I don’t feel like a lot of people know what’s coming next and it seems like a lot of people are freaked out about it, to be totally honest. Some companies are trying to be forward thinking and do things like UID but there’s a general sense of people throwing up their hands and waiting to die. Others are in this wait and see mode. Then there are the people pushing repacked, dodgy non-solutions that don’t seem to move the needle at all.
How does another delay affect conversations with clients?
Ad tech is probably the least customer empathetic industry, on the level of banking. The customers and vendors truly do not talk, even though many millions of dollars move between them. There’s a general ignorance of how these different players operate. A lot of ad tech vendors, because they don’t have good solutions to this, they just sell the black box. It’s a lot of puffery. That’s where a lot of people have defaulted. It’s not great.

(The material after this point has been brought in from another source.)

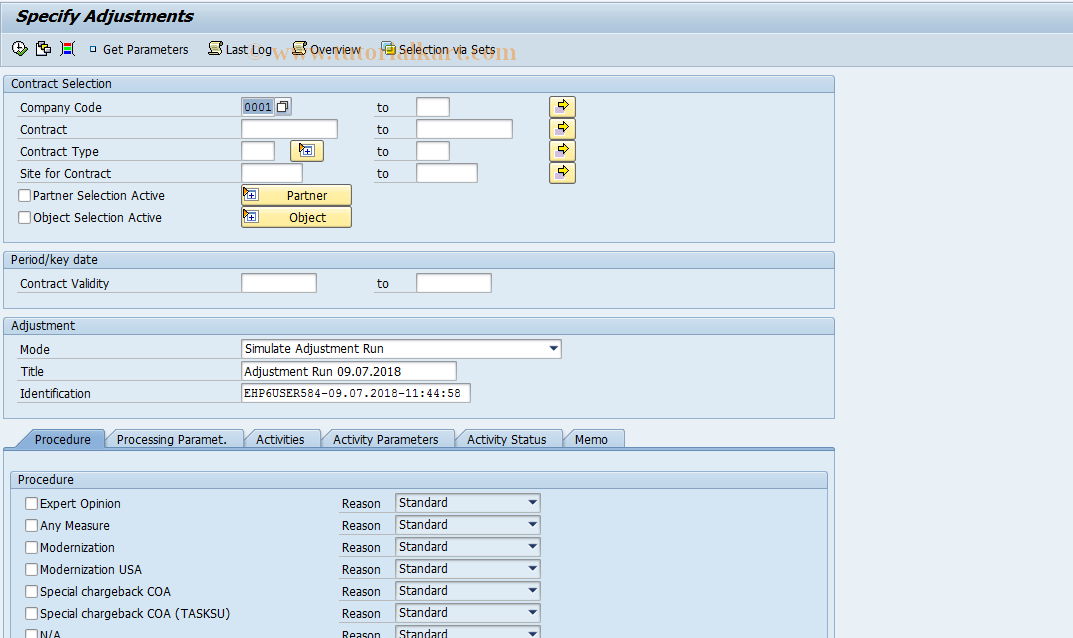 SAP TCode REAJPRTASK - Determine Adjustments - TASK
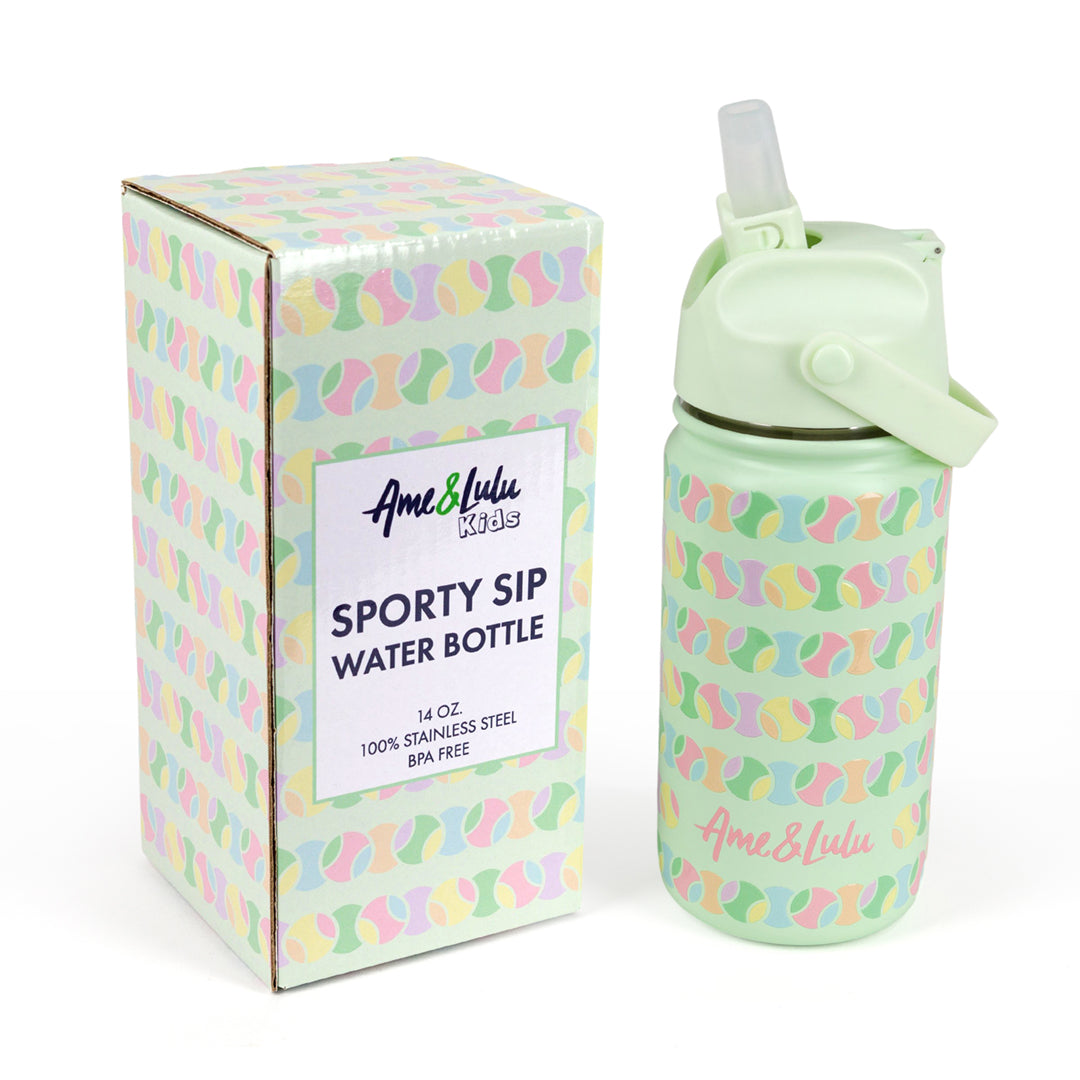 Light green kids water bottle with pastel rainbow tennis ball pattern with matching box packaging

On the agency side — there’s a lot of great agencies that seek to understand — but it seems like there are a lot of agencies not asking pointed questions because they don’t want pointed answers. It’s kind of like, “I didn’t hear that,” like they want to take things at face value out of either ignorance or self preservation. Someone says, “I’ve got this audience of X people” and they’re trying to reach X people so they aren’t going to dig into the methodology on how the audience was constructed or ask too many hard questions because at the end of the day I can tell my client that we ran it for the X people audience.
Are people sick of this sort of limbo that’s been ongoing from Google?
Yeah. I think everybody’s tired of waiting. You can’t plan until you know. The focus is less on Google, to be honest. People are generally more annoyed with Apple than they are with Google. It seems like Google is making a lot of good faith efforts to bridge the gap and make it work for everyone. The general view of Apple is that their privacy focus is a cynical money grab. I don’t think I’ve heard anyone in the industry say that Apple is working in good faith with their privacy initiatives. It’s all about curtailing outside access, they’re rent-seeking for [access] to their devices.
The lack of control when it comes to the future has to be hard to manage.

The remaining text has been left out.